It was with great joy that I read the article. I remember when Angelo Roncalli (now Pope St. John XXIII) was elected pope. Dad was milking cows as the news came over the radio. “He’s 76 years old! What will he ever accomplish?”
The document is an accomplishment of Vatican II, the ecumenical council called by John XXIII, and the ecumenical dialogue that has followed over the past 50 years. This document emphasizes 32 points of agreement while also mentioning continued disagreements. It also requests opportunities for Lutherans and Catholics to receive Communion together, marking an end to the division that has existed for 500 years.
Reunion between Christians as symbolized by interfaith Communion may be the witness before the world and as the answer to Christ’s prayer that all may be one.
Perhaps St. John XXIII, as the result of his experiences with Muslims in Turkey and rescuing Jews during World War II, had no fear when it came to working for Christian unity.
Re: “Spreading God’s mercy to the poorest of the poor” (Faith, Jan. 3).
I enjoyed reading the article about Mother Teresa of Kolkata and her upcoming canonization. I was a little surprised, however, to not see anything about her great devotion to Our Lord in the Blessed Sacrament. As Mother Teresa once stated: “I make a Holy Hour each day in the presence of the Blessed Sacrament; all my sisters of the Missionaries of Charity make a holy hour as well, because we find that through our daily hour, our love for Jesus becomes more intimate.”
I have been an active member of the St. Joseph Perpetual Adoration group in Bay City, Michigan, for nearly 30 years, and Mother Teresa has been one of our great persons we all pray to for help and inspiration.
— John Sheridan, Bay City, Michigan
Re: “Election 2016: The Catholic factor” (In Focus, Jan. 3).
I agree there is a “Catholic factor.” Catholics are “the ultimate swing vote” on everything in the world. Unfortunately, today the entire world — Catholics included — looks to what the Catholic Church does, not what it teaches.
When the U.S. Supreme Court ruled in favor of abortion in 1973 and gay “marriage” in 2015, what did Catholics do before these two anticipated spiritually cataclysmic rulings? Was a national prayer vigil and fast proclaimed in hopes to avoid the devastating effects of both? No. The world took notice. Since almost nothing was done, the world heard the Catholic Church say, “We don’t like it, but such is life.” If the watch dog (the Catholic Church) just barks once in a while but never bites, the thief will come and go at will. The Catholic Church is the most spiritually powerful organization on the planet. What good is power if not used?
Let each of us ask God to give us the wisdom and courage to use the power of his Church and its sacramental grace to change the world to know, love and serve him, and not let the world change us instead.
— Joe Marincel, Flower Mound, Texas
While reading Mark Gray’s article, I could not understand how the Democratic Party could be given such consideration.
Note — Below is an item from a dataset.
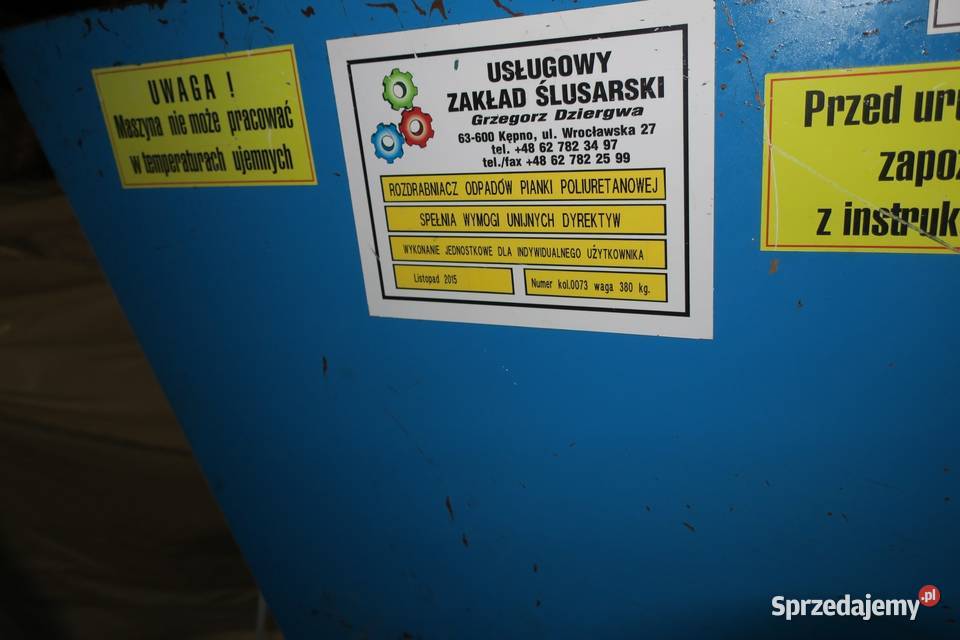 Rozdrabniacz odpadów pianki poliuretanowej RPd Kartuzy sprzedam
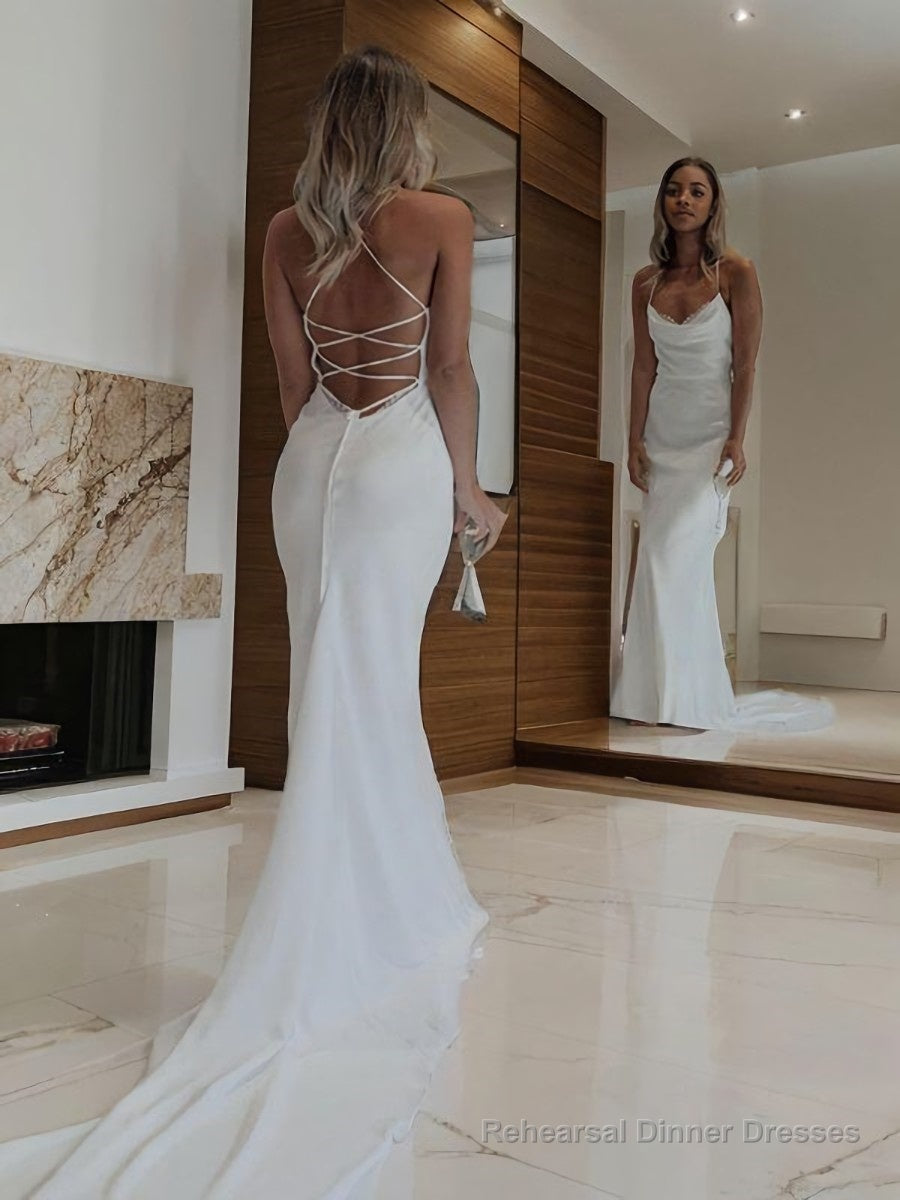 Sheath/Column Halter Court Train Chiffon Wedding Dresses Main image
The devil has truly lulled even the Church into a remarkable complacency. The Democratic party has written into its party platform abortion on demand and same-sex marriage. What more should need to be said? How is it that this does not completely disqualify it from consideration?
Whatever the other party has done, it has not explicitly condoned and encouraged mortal sin on a national scale. It has not, for instance, written a return to slavery into its platform — this would be an equal horror, but it has not done that.
When will the frog in boiling water wake up?